Jan 23, 2007 13:21
Well, my music test yesterday went really well... :)
Yesterday, I finally remembered to bring my swim gear to school, so that I could head down to the pool after my 1:30 class. I used to swim pretty seriously, but it's been about seven years since then, and my form is not so good. Lately, I've been trying to get back into swimming, but it's been a struggle; my muscles aren't reaccustomed to swimming, and a lot of the strokes don't feel quite natural.
I did my usual routine of alternate laps of breaststroke and freestyle, with an occasional lap of backstroke (I've always hated backstroke; it makes me feel like I'm drowning.) Freestyle has been exhausting for me over the last few years, and I've tended to gravitate toward breaststroke when swimming any sort of distance. I've found that doing more than a single lap of freestyle without a break is too strenuous. However, after about sixteen laps, I decided to try doing a second lap of freestyle instead of going back to breaststroke.
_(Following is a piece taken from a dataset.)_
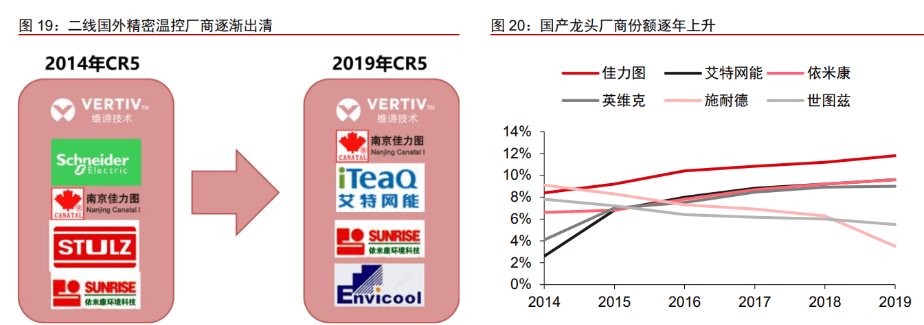 lcp新能源，LCP新能源，引領(lǐng)綠色能源新篇章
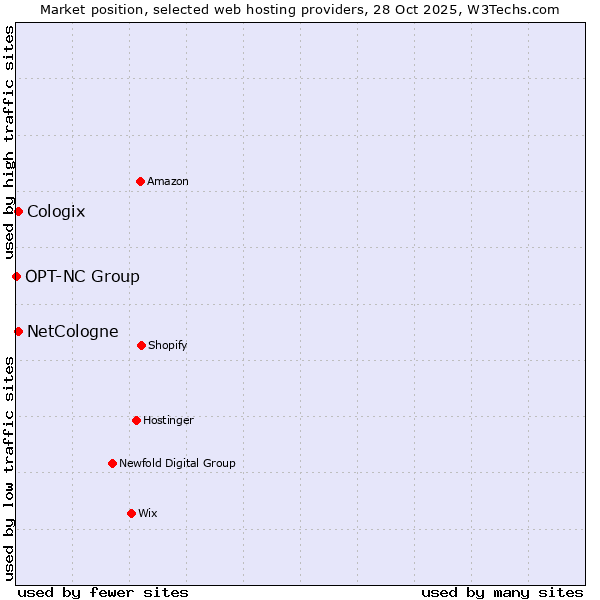 Market position of NetCologne vs. Cologix vs. OPT-NC Group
I ended up doing 30 laps of freestyle without stopping. I'd been struggling to lift my arms high enough out of the water (I don't have particularly strong shoulders); I was remembering my instructor when I was eleven, telling me to lift my arms higher. By about lap nine, I noticed it wasn't an effort to put my arms in the proper form. At lap fourteen, it felt as though I were in dynamic equilibrium with the water; the movements felt smooth and natural, and I hardly noticed the faint burning in my arms. I continued this way until lap 23, when my feet started cramping up horribly (this always used to happen), and the only solution then and now was to continue swimming another couple laps until it subsided. At lap 30, I felt mildly tired, and I was noticing the soreness in my arms and the burning in my chest a bit more. I pulled myself out of the pool, and found had to concentrate to stand upright. It took a surprising amount of effort to move, and I was dizzy. It's always funny how swimming saps your energy without your notice...
Fortunately, the IMA has a decent sauna that I can use to regain all the lost thermal energy, and thereby combat my body's general tendency to demand an immediate and sugar-saturated refueling following this sort of thing. I've done some of my best thinking while sitting naked in a sauna, too. Few things are more relaxing than basking in the heat with a good (or even not-so-good) book.
It's funny; I'd been wondering if I'd have the energy to do half an hour, and I ended up spending more than an hour in the pool. Perhaps all that running over the holidays made a difference. I still feel like a fat cow, though, even though the scale says I've lost weight. And then, I went to training last night, too. I can definitely feel the soreness today... let's see if I can make myself do a weightlifting routine this afternoon.
Which reminds me... I should figure out more ways to incorporate protein into my diet. Maybe if I ate more protein, I'd be less drained after these little endeavours. I always seem to be tired when I don't eat it...
Oh, and they're replacing my broken refrigerator on Wednesday. It only took them *three weeks*... But at least I'll have a new fridge, rather than an old crappy one that's been halfheartedly repaired.